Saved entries
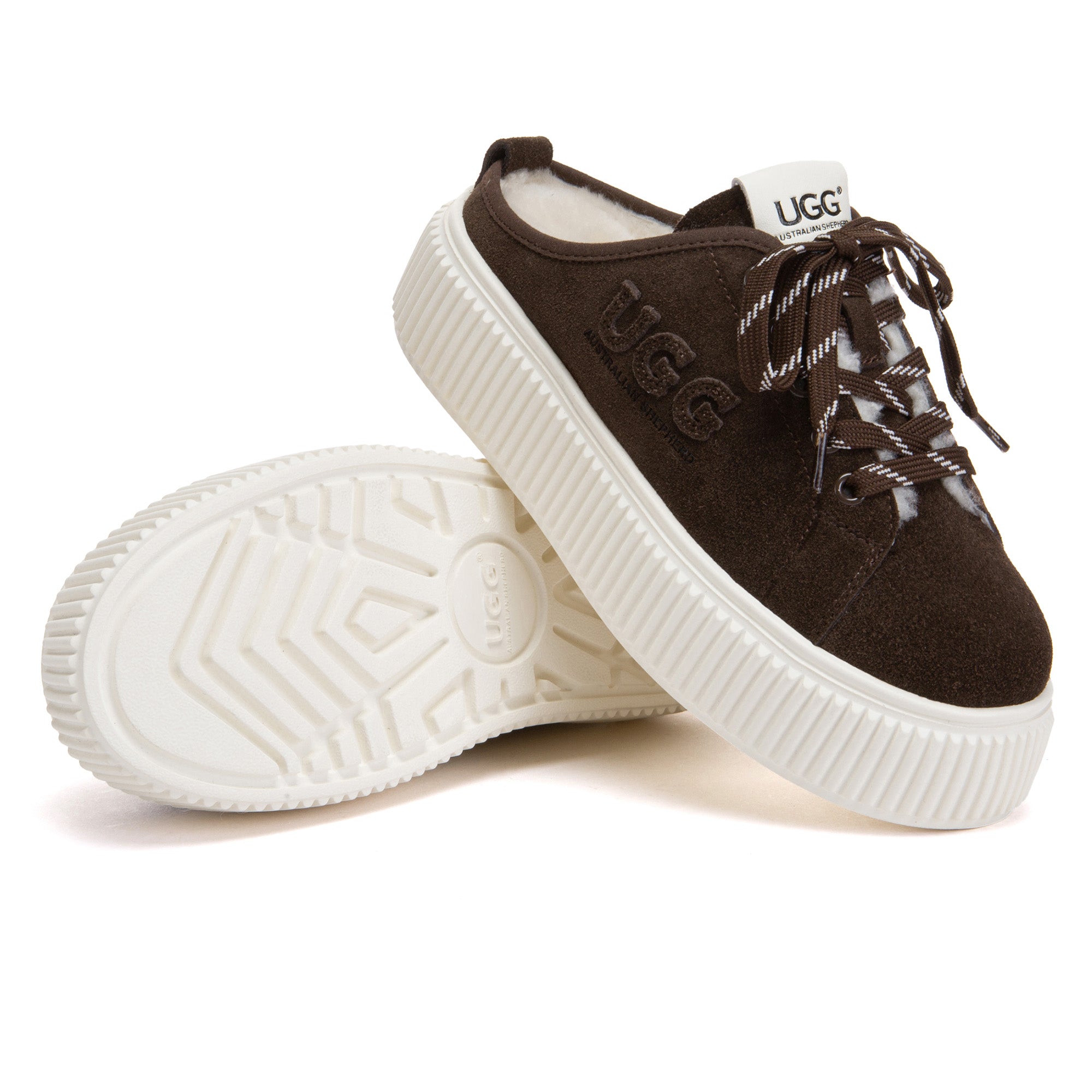 Lorne Mules UGG Platform Slides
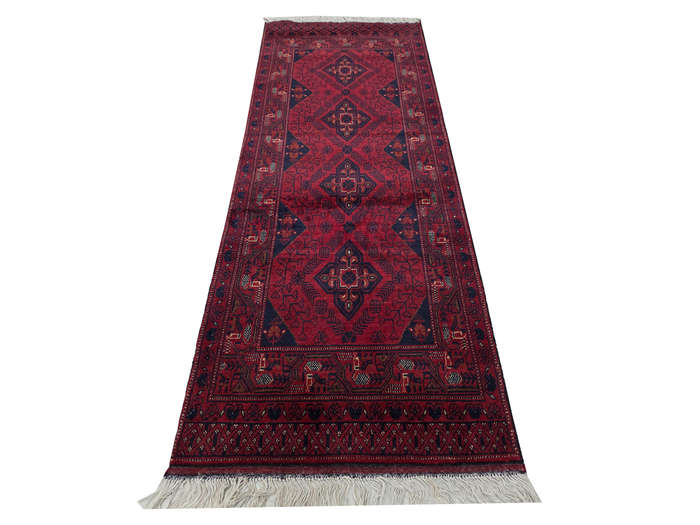 Fine Afghan Turkman Carpet 202 X 80 cm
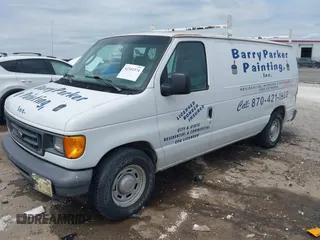 2006 Ford Econoline Cargo with VIN 1FTRE14W56HA74697, listed as a IAAI auction lot 42341374 with 153,519 mi miles and . Bid and sale history available at DreamBid. Image 16.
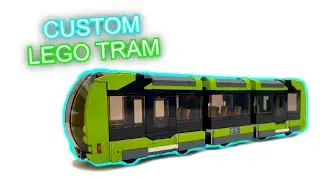 Custom LEGO Tram Build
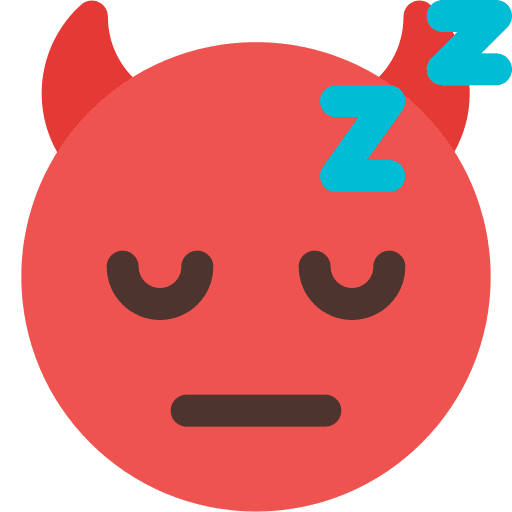 Sleeping sleeping devil smileys icon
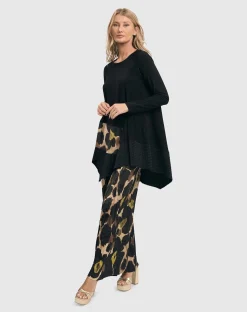 Hazel Mix Media Swing Top, Multi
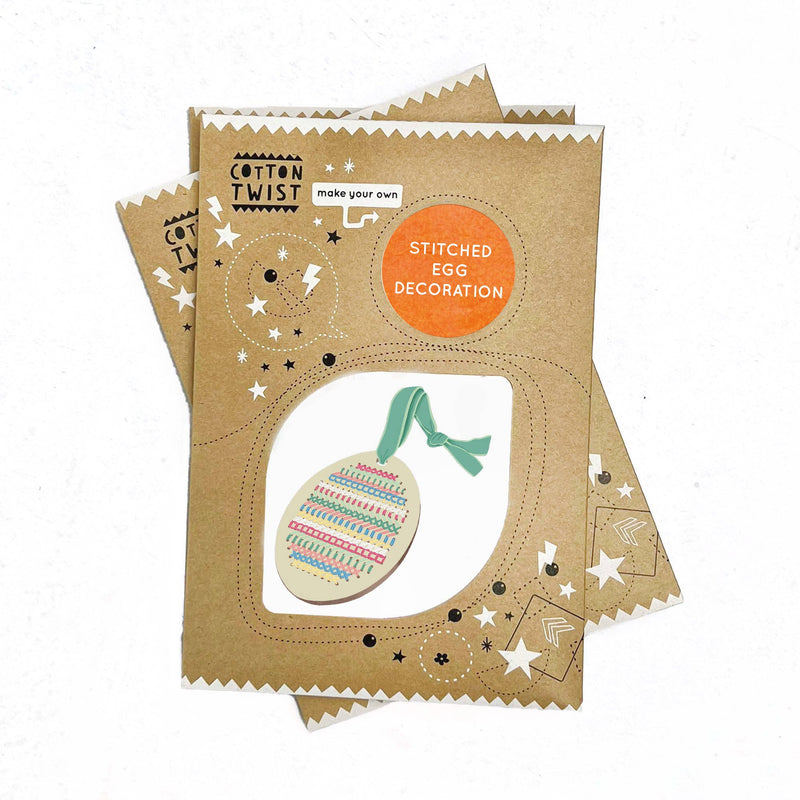 Kit fai da te - Crea il tuo uovo di Pasqua decorativo Cotton Twist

• What to produce
All the records need to be retyped word for word, except for the pictures.

• Result of the task
 Lorne Mules UGG Platform Slides
 Fine Afghan Turkman Carpet 202 X 80 cm
 2006 Ford Econoline Cargo with VIN 1FTRE14W56HA74697, listed as a IAAI auction lot 42341374 with 153,519 mi miles and . Bid and sale history available at DreamBid. Image 16.
 Custom LEGO Tram Build
 Sleeping sleeping devil smileys icon
 Hazel Mix Media Swing Top, Multi
 Kit fai da te - Crea il tuo uovo di Pasqua decorativo Cotton Twist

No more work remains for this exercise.